Za udział w marszu i obecność dziękowała dyrektor Dagmara Witczak
Szczególne słowa podziękowania skierowane były do rodziców, którzy w różny sposób wspierają działalność szkoły
Krystyna Piotrowska/GN
Marsz zakończył się przed radomską katedrą. Tu przybyszów powitał bp Henryk Tomasik. Przypomniał dzieciom, że jako chrześcijanie powinni naśladować Jezusa. Przywołując przesłanie bp. Chrapka, mówił: – O to prosił bp Jan dzieci, młodzież i starszych: żeby wszyscy byli pobożni, kochali Pana Jezusa, modlili się i byli pracowici. Pomagali innym, a ci młodsi – to bardzo ważne zadanie! – żeby byli posłuszni, zwłaszcza rodzicom, wychowawcom, bo oni chcą nam pomóc. Życzę, aby to nam się udało, aby wszyscy byli pobożni, pracowici i posłuszni.

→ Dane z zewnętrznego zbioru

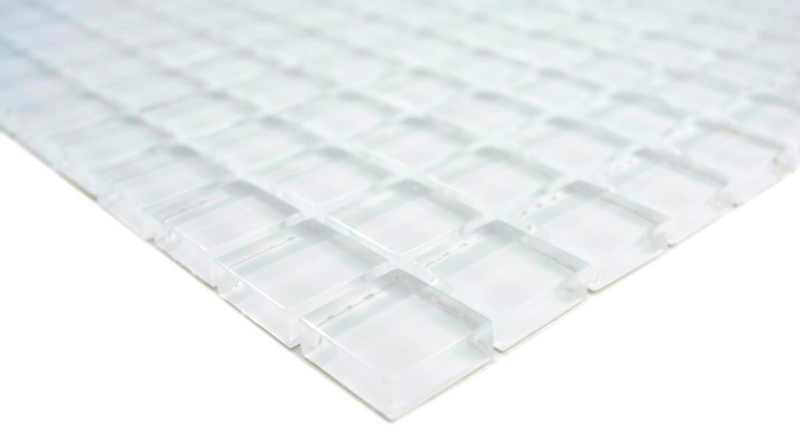 Mosaïque de verre transparent Crystal super blanc mur carreaux cuisine salle de bain_f | 10 tapis de mosaïque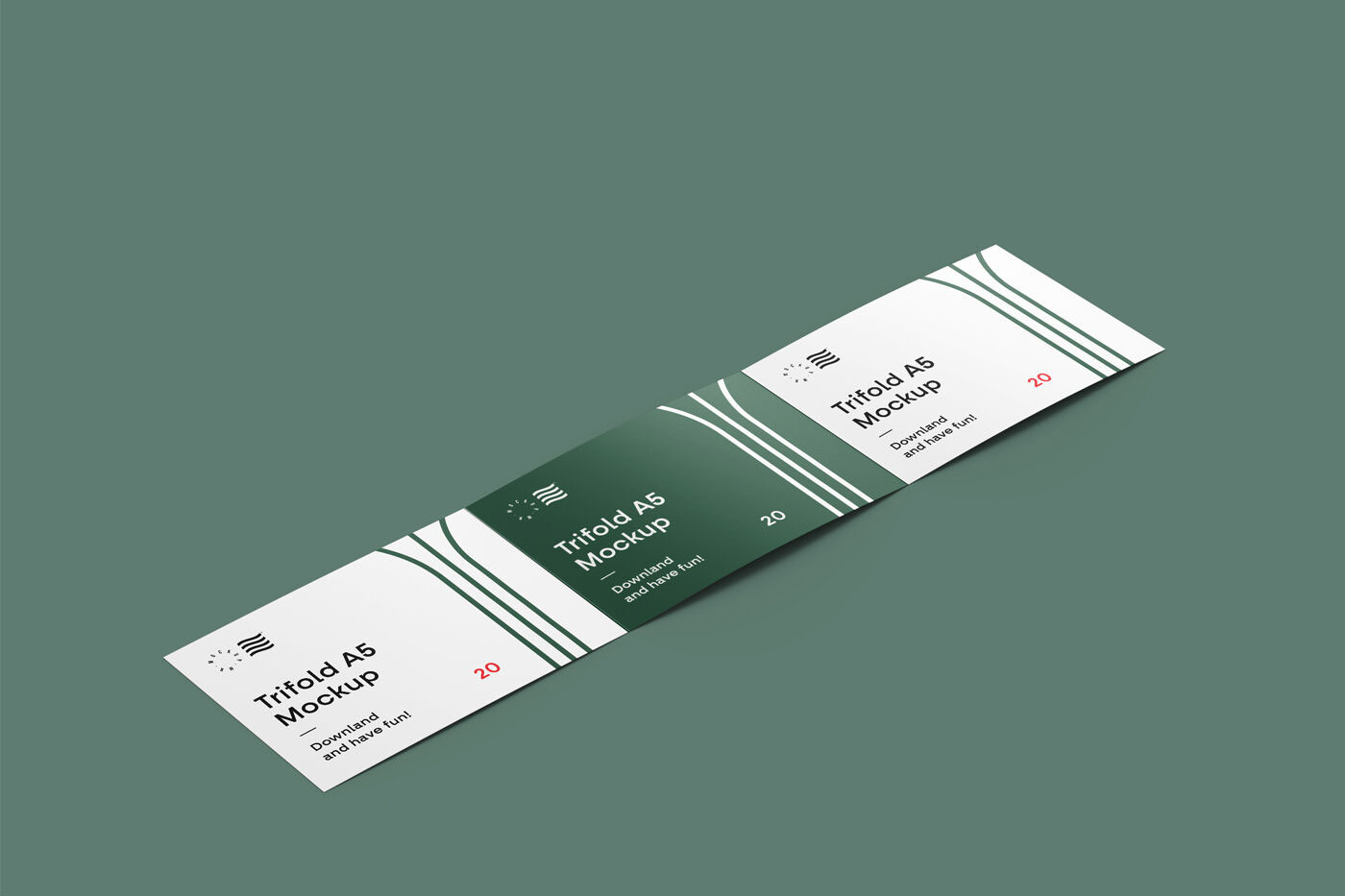 Spread Open Landscape Brochure with Changeable Options Mockup preview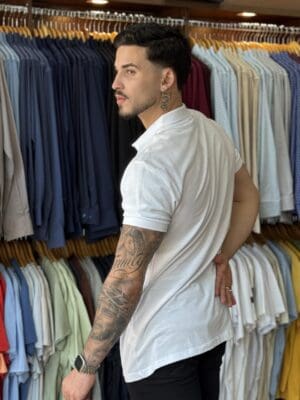 POLO SLIM BORDADO GOLDEN - Imagem 3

Szybko okazało się, że dzieciom nie trzeba było przypominać, jakie powinny być, bo na pytanie ordynariusza, czy są pobożne, pracowite i posłuszne, niemal wszystkie podniosły rękę do góry i zawołały: – Taaaaak!!!
Barwnym zakończeniem marszu było wypuszczenie niesionych wcześniej balonów, które poszybowały wysoko, wysoko… – Te balony polecą daleko, tak żeby wszyscy dowiedzieli się, że dzisiaj, tutaj, wydarzyło się dużo dobrych rzeczy – powiedziała pani dyrektor.
Zwieńczeniem spotkania było złożenie przez delegacje szkół, w katedrze, na sarkofagu bp. Jana Chrapka, wiązanek kwiatów.